I’m optimistic that the Deep Web will someday be in reach. Search
engine companies are working on the problem and they are not alone. Over the
last several years researchers here and elsewhere have devised a variety of
techniques for automated filling-out of forms by crawlers to gain access to
Deep Web information. In addition, there are clearly incentives for many Web
content providers—retailers, for example—to make the job easier for the
search engines. They want you to find their product information, even if it
happens to reside behind a form or menu. With search engines and content
providers equally motivated to make the Deep Web accessible, I feel confident
it will happen.
When it comes to enterprise data, I’m less optimistic about a future
of unfettered data access for users. The databases maintained by large
organizations tend to be very complex, often set up poorly, hard to use, and
even harder to migrate to keep pace with developments in software. An even bigger
problem than those faced by individual databases is that the data across an
enterprise typically resides in numerous different databases (tens or even
hundreds of them) that are fundamentally incompatible with each other. This
means that while we may have access to individual pieces of the data puzzle,
we often don’t really have access to the truly useful information, obtained
by putting the pieces together. A lot of people have argued, for example, that the
government had all the information needed to prevent the 9/11 terrorist attacks.
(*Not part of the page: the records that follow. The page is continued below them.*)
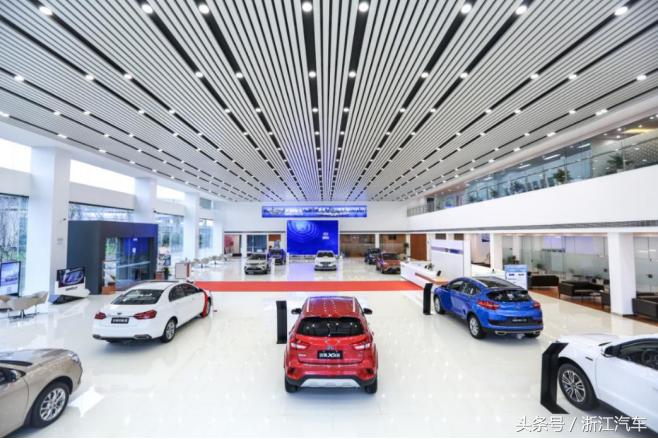 吉利汽车全国经销商,吉利全国门店有多少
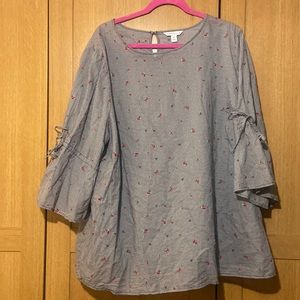 Women’s blouse 3x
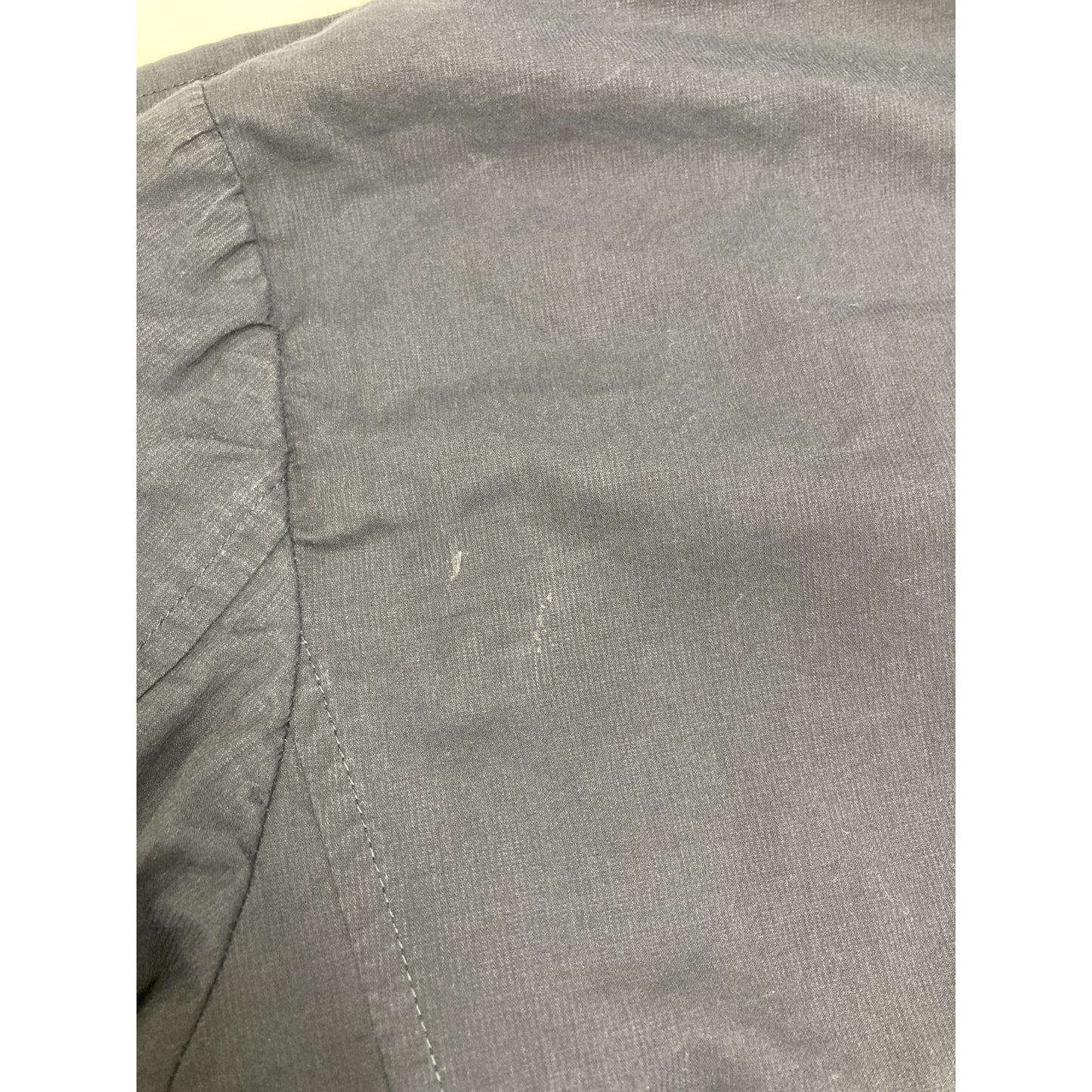 DRIES VAN NOTEN ドリスヴァンノッテン ネイビー コットン ジャケット ジャケット 46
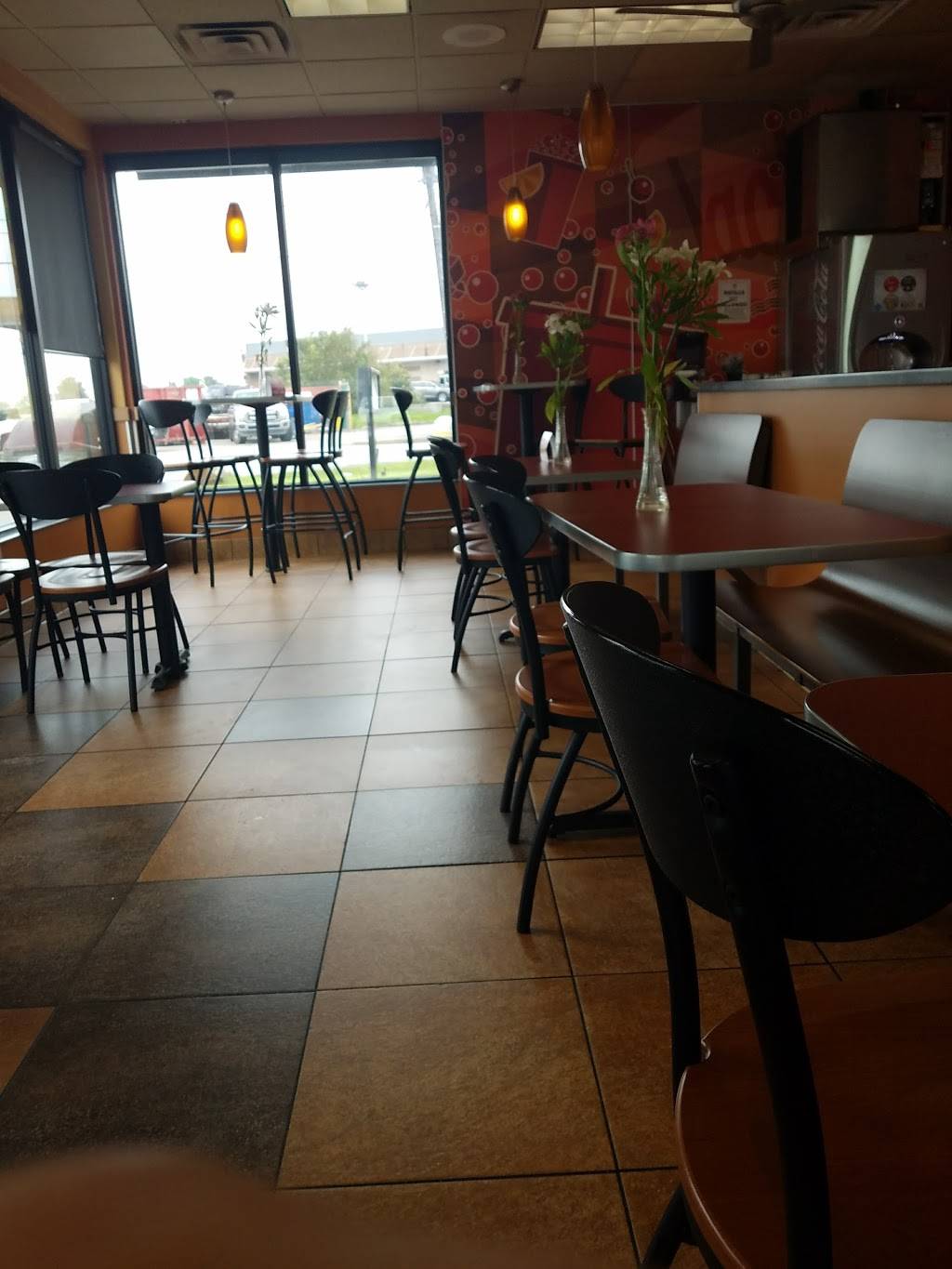 Jack in the Box | restaurant | 13902 FM 2100, Crosby, TX 77532, USA | 2814622527 OR +1 281-462-2527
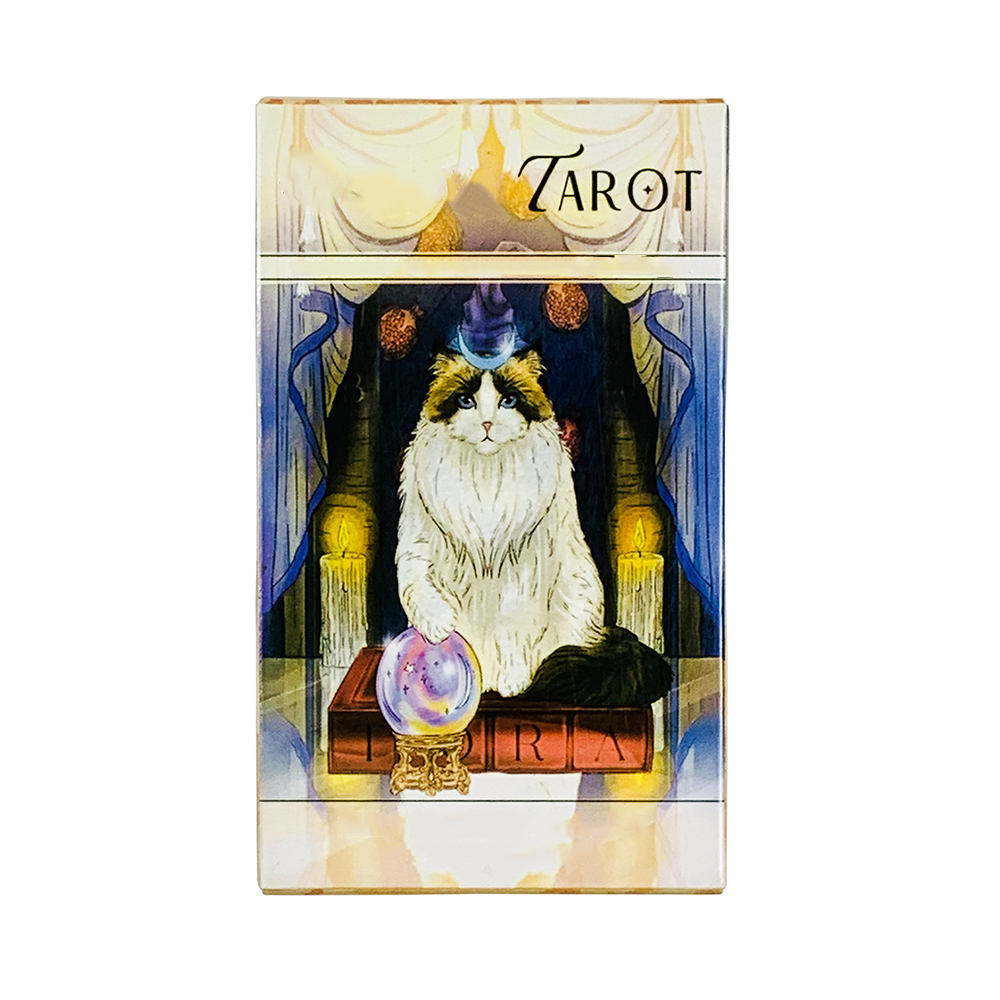 Yeni Tarot Kartları Tahmin Edi - Board Game Life incelemesi ve fiyatı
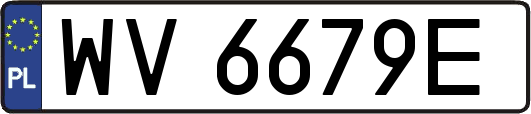 WV6679E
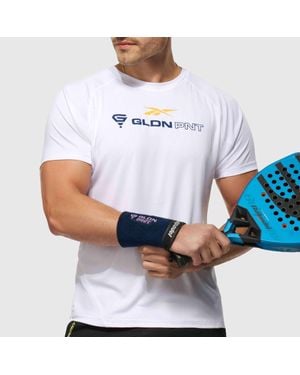 Reebok X Gldn Pnt Tech Tee - White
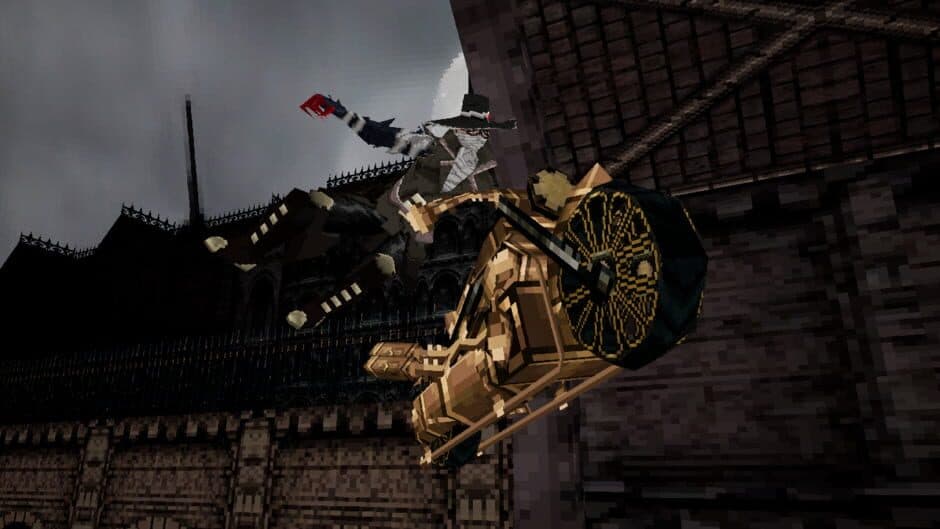 Скриншот 4 из Nightmare Kart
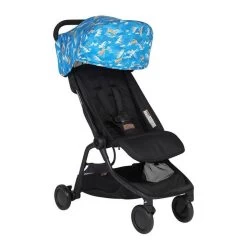 Mountain Buggy Nano V3 Year Of The Tiger Travel Stroller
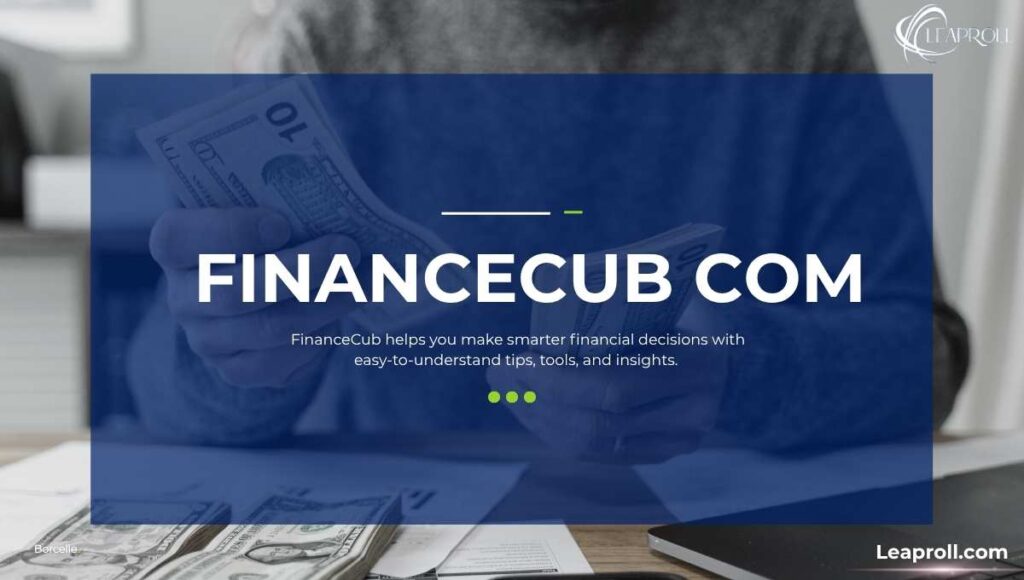 FinanceCub com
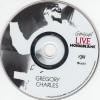 Gregory Charles - Gospel live en noir & blanc 2004 (cd)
I don’t know whether this is true, but certainly there is a problem that law
enforcement and intelligence databases aren’t integrated well, so no one could
see the whole picture all at once.
Even when data from more than one database can be brought together, it is often
unclear how the information is related. Which records are talking about the same
thing or person? If one piece of information contradicts another piece, which should
we trust? The questions around improving enterprise data access—often referred to as
the “data integration” problem—are many and often ill-defined or
application-specific. In the InfoLab we are chipping away at small parts of the
problem. My group’s Trio project, for example, gives database managers the tools
to account for uncertainty in their data, and to track the “lineage” or
provenance of data. These features smooth the way for handling data merged from many
different, possibly conflicting, sources. Another InfoLab project is tackling the issue
of “entity resolution”: determining which distinct data records, perhaps
drawn from many different databases, actually represent the same real-world entity.
In an era when one can type in “relational database” and find more than
a million pages in less than a quarter of a second, it is easy to think that we have
universal access to the world’s information. In fact, that day is still yet to come.
|
 |
 |